Recently, a new set of comprehensive lab experiments has offered a fresh perspective into the physics of this phenomenon, under an extraordinary range of conditions.
The outcome of these experiments should assist researchers in understanding the phenomenon behind carbon dioxide flowing through deep saltwater reservoirs, and potentially shed light on similar interactions such as those within fuel cells being used to generate electricity without burning hydrocarbons.
The research findings can be found in the PNAS journal, in a paper by Ruben Juanes,
MIT’s ARCO Associate Professor in Energy Studies; Benzhong Zhao, an MIT graduate student; and Chris MacMinn, an associate professor at Oxford University.
A vital characteristic of fluid-fluid displacement is the displacement efficiency, which indicates the amount of pre-existing fluid that can be sent out of the pore space.

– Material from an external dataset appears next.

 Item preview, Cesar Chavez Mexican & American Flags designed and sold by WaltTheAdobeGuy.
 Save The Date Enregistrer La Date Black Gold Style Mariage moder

High displacement efficiency indicates that a majority of the pre-existing fluid is sent out, which is generally a positive thing especially with oil recovery, for instance, it would mean that additional oil would be captured and less oil would be left behind. However, displacement efficiency is not easy to predict.

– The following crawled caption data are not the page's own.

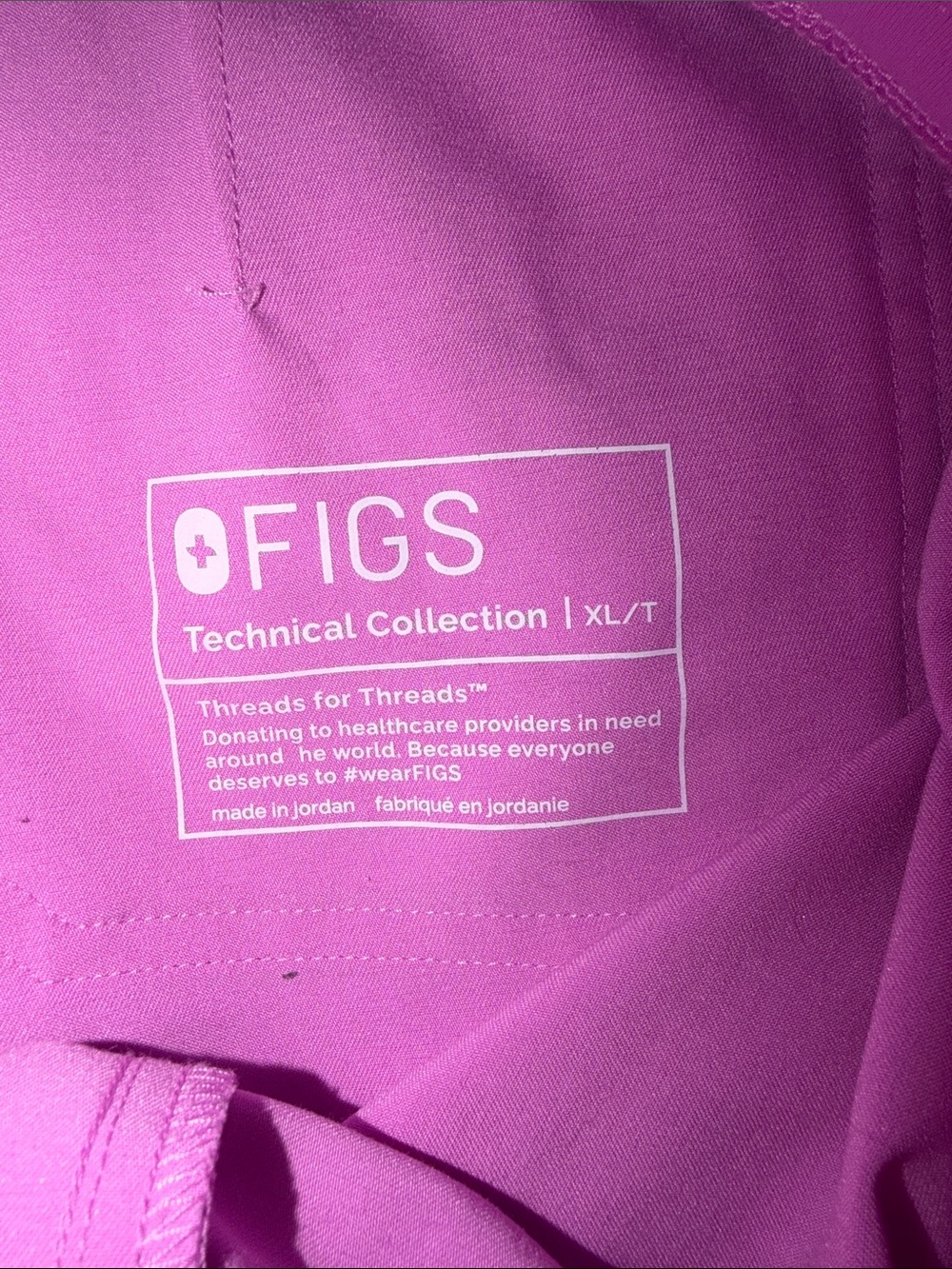 Figs Women’s Scrub Set: Catarina Scrub Top Livingston High-Rise Straight Leg - Picture 5 of 6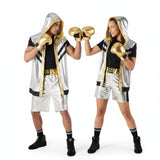 Boxchampions Paarkostüm für Erwachsene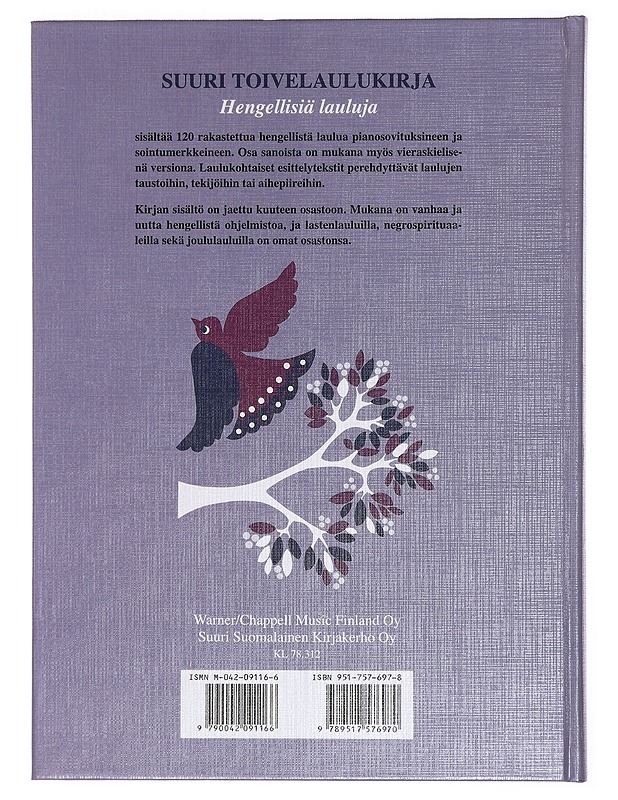 Suuri toivelaulukirja. Hengellisiä lauluja - Kari, Virpi - Musiikki- ja elokuvakirjat - 10105402905 - 1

Juanes says wettability is a main factor in establishing displacement efficiency. Wettability measures an inclination by the solid to be in contact with one particular fluid than the others. It is a material property.
The team discovered that the displacement of the pre-existing fluid from the pores of the material is more effective when the preference for the injected fluid is stronger - up to a certain extent. However, if the preference for the injected fluid increases past that optimal point, the trend reverses, meaning that the efficiency of the displacement is less.

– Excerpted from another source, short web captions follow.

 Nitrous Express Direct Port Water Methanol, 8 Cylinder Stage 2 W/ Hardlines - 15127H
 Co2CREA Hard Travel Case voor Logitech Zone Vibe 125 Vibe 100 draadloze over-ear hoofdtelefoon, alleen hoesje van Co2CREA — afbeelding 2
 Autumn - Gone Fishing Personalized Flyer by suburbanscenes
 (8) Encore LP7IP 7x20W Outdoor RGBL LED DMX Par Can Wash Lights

The detection of the presence of this perfect degree of wettability is one of the vital findings of the new research.
The research was partly motivated by current advances in scanning methods that enables to
“directly characterize the wettability of real reservoir rocks under in-situ conditions,” says Zhao.
However just being able to describe the wettability was not enough, he explains. The chief question was
“Do we understand the physics of fluid-fluid displacement in a porous medium under different wettability conditions?”
And now, post their comprehensive study,
“We do have a fundamental understanding” of the process, Zhao says.
It comes from the design of a novel system that really allowed us to look in detail at what is happening at the pore scale, and in three dimensions.
Chris MacMinn, Associate Professor, Oxford University
In order to clearly describe the physics taking place behind these flows, the team did a number of lab experiments where they used various porous materials with a broad range of wetting properties, and analyzed the reasons behind the variations in the flows.
In natural environments such as oil reservoirs or aquifers, the material’s wettability is predetermined. However, Juanes says,
“there are ways you can modify the wettability in the field,” such as by adding precise chemical compounds like surfactants to the injected fluid.
By making it achievable to comprehend exactly what degree of wettability is advantageous for a particular situation, the latest findings
“in principle, could be very advantageous” for designing carbon sequestration or improved oil recovery schemes for a particular geological setting.
The same rules apply to certain polymer electrolyte fuel cells, where water vapor condenses at the cathode of a fuel cell and has to travel via a porous membrane. Based on the precise combination of liquid and gas, these flows can be harmful to the fuel cell’s performance, so controlling and estimating the manner these flows function can be crucial in building such cells.
The similar process of gas and liquid interacting in pore spaces is also applicable to the manner in which freshwater aquifers are recharged by rainfall, as the water permeates into the ground and displaces air in the soil. The team highlights that the management of ever-scarcer water resources can further be enhanced through an improved understanding of this process.
This is a very interesting study of pore-scale multiphase fluid flow in two-dimensional micromodels. The advantage of this work is that the authors look in more detail at the mechanisms of wetting and displacement of the fluid in the pores. This is a very important aspect of fluid flow in porous media.
David Weitz, Professor of Physics, Harvard University
The U.S. Department of Energy and the MIT Energy Initiative supported this research.